**What the task requires:** Where pictures appear, omit them, and copy exactly only the lines from the start of the listing through the line containing "Modern brass and", both included.

::: Data extracts :::

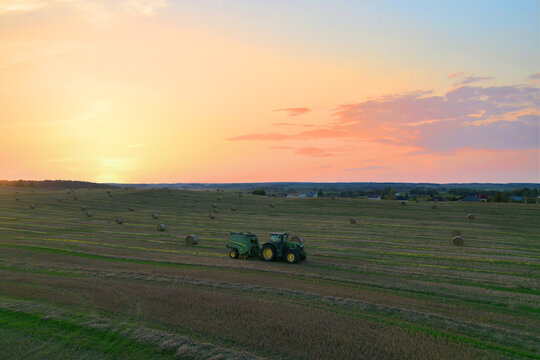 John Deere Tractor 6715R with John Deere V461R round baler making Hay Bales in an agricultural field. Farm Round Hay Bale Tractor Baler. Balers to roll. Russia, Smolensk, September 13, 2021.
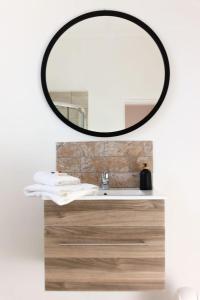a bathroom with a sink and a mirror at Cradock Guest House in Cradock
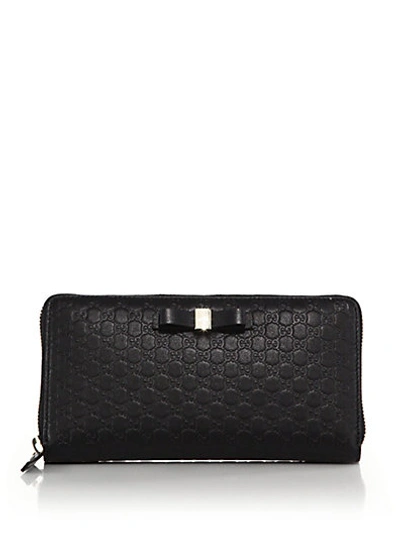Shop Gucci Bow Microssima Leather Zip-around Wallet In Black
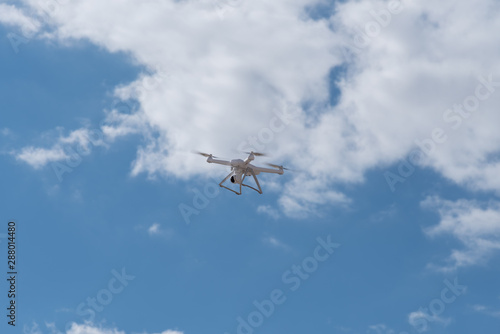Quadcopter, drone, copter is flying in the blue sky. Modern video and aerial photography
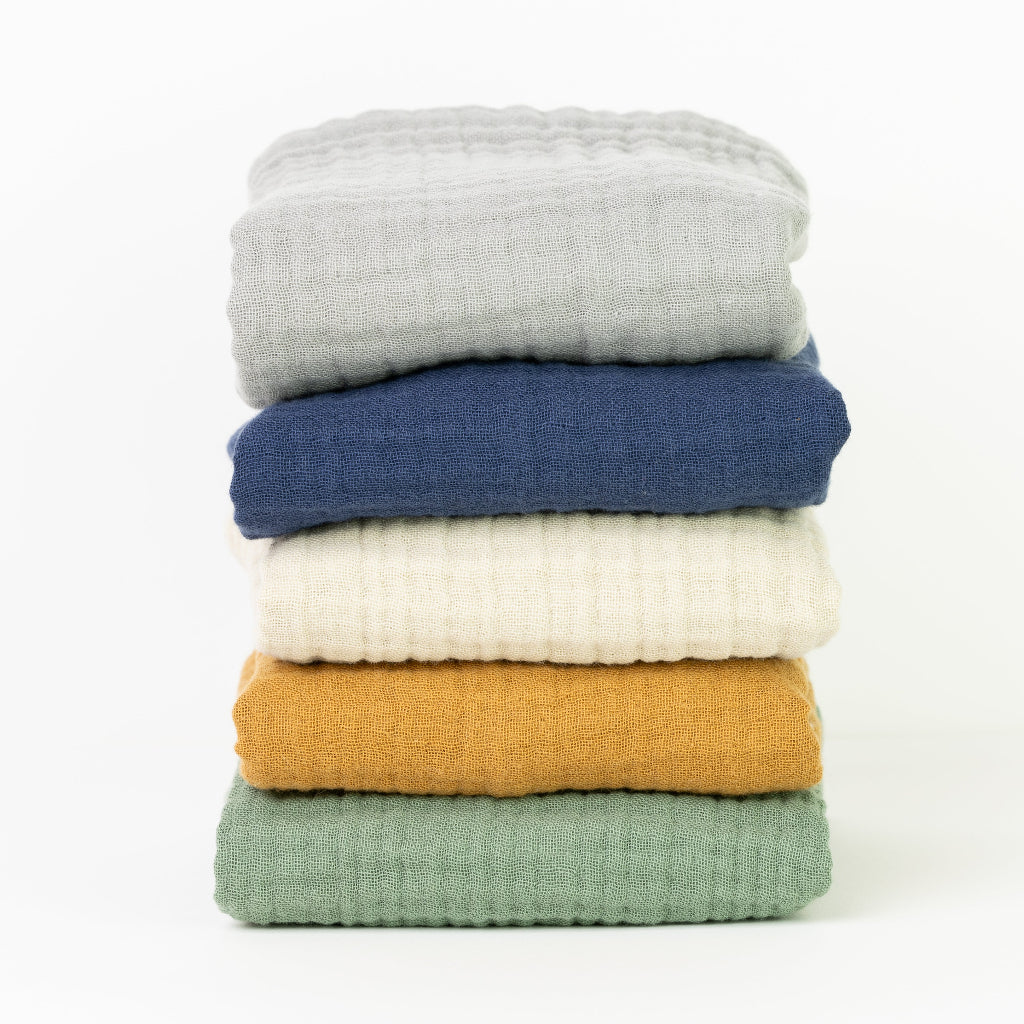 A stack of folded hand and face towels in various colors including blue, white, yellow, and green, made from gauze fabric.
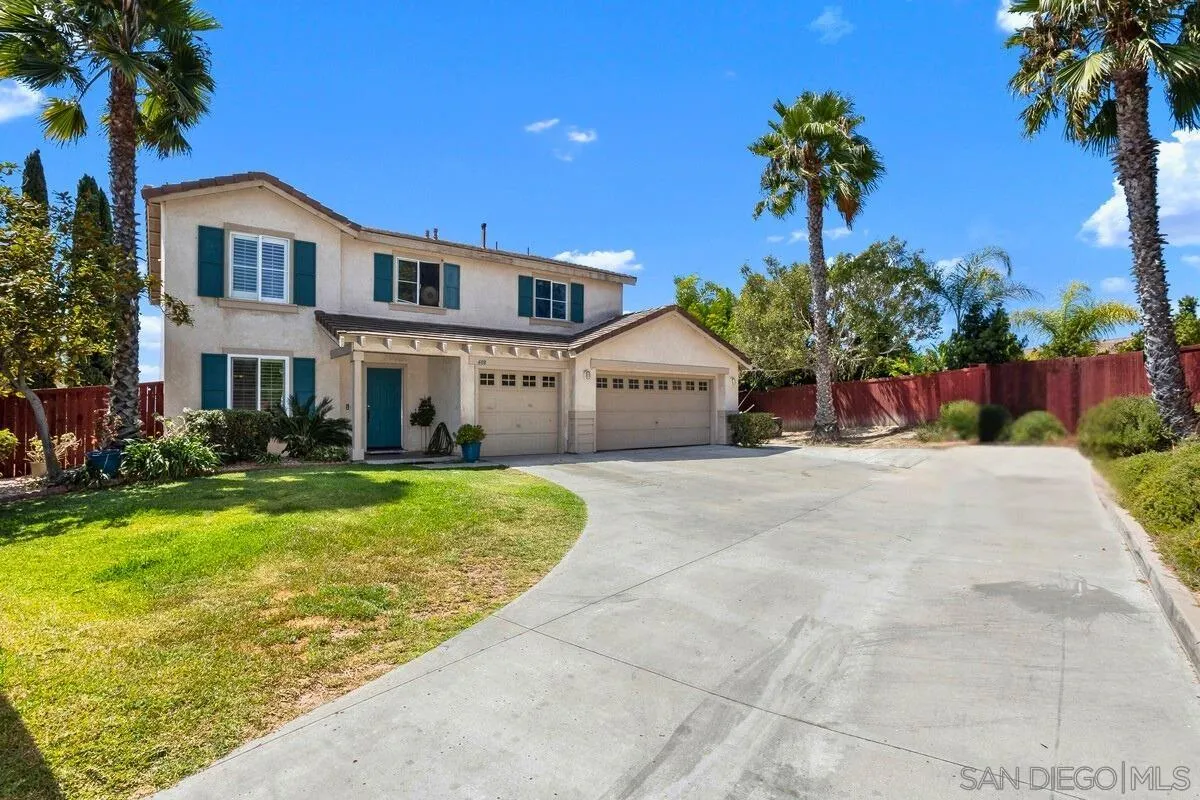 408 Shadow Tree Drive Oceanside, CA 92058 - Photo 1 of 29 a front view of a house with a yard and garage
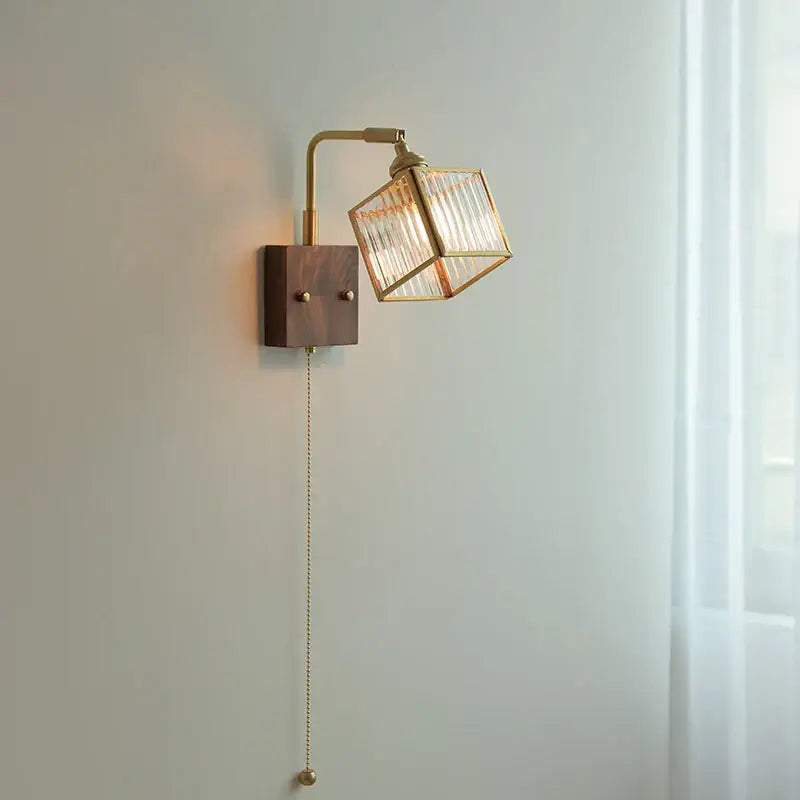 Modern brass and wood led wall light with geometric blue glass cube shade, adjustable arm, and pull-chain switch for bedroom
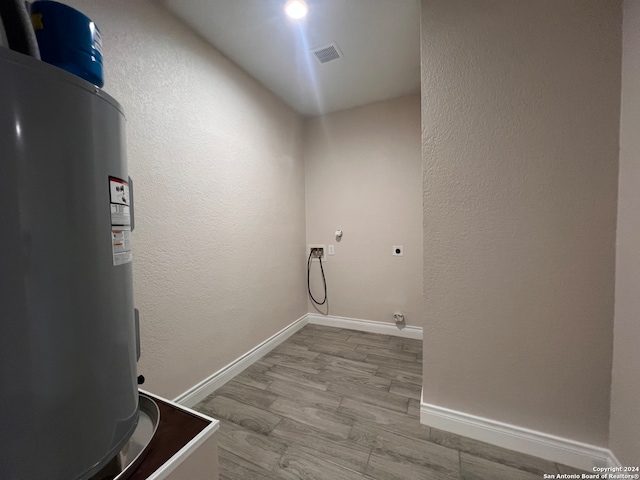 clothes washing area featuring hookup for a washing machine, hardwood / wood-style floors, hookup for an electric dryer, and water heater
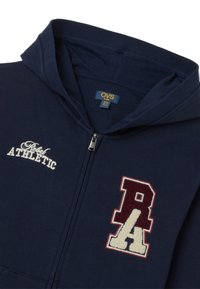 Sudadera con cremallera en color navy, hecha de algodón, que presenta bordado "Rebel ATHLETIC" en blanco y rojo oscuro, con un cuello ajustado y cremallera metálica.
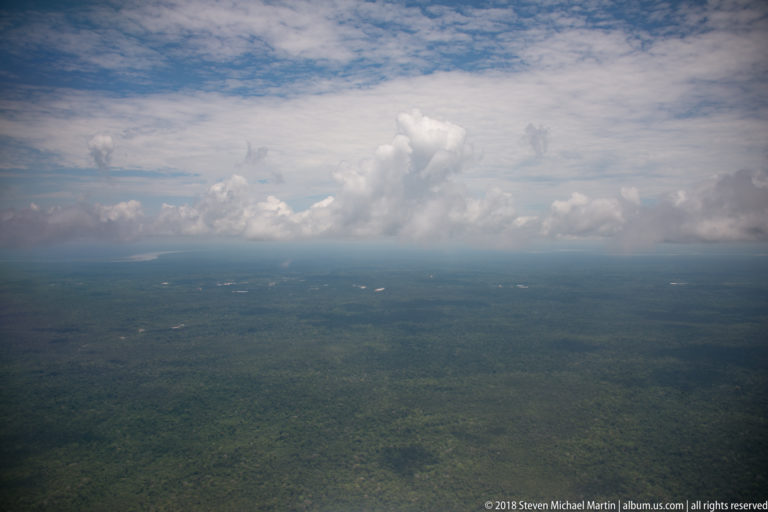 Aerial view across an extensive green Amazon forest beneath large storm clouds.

:::

**Task output:**
 John Deere Tractor 6715R with John Deere V461R round baler making Hay Bales in an agricultural field. Farm Round Hay Bale Tractor Baler. Balers to roll. Russia, Smolensk, September 13, 2021.
a bathroom with a sink and a mirror at Cradock Guest House in Cradock
Shop Gucci Bow Microssima Leather Zip-around Wallet In Black
Quadcopter, drone, copter is flying in the blue sky. Modern video and aerial photography
 A stack of folded hand and face towels in various colors including blue, white, yellow, and green, made from gauze fabric.
 408 Shadow Tree Drive Oceanside, CA 92058 - Photo 1 of 29 a front view of a house with a yard and garage
 Modern brass and wood led wall light with geometric blue glass cube shade, adjustable arm, and pull-chain switch for bedroom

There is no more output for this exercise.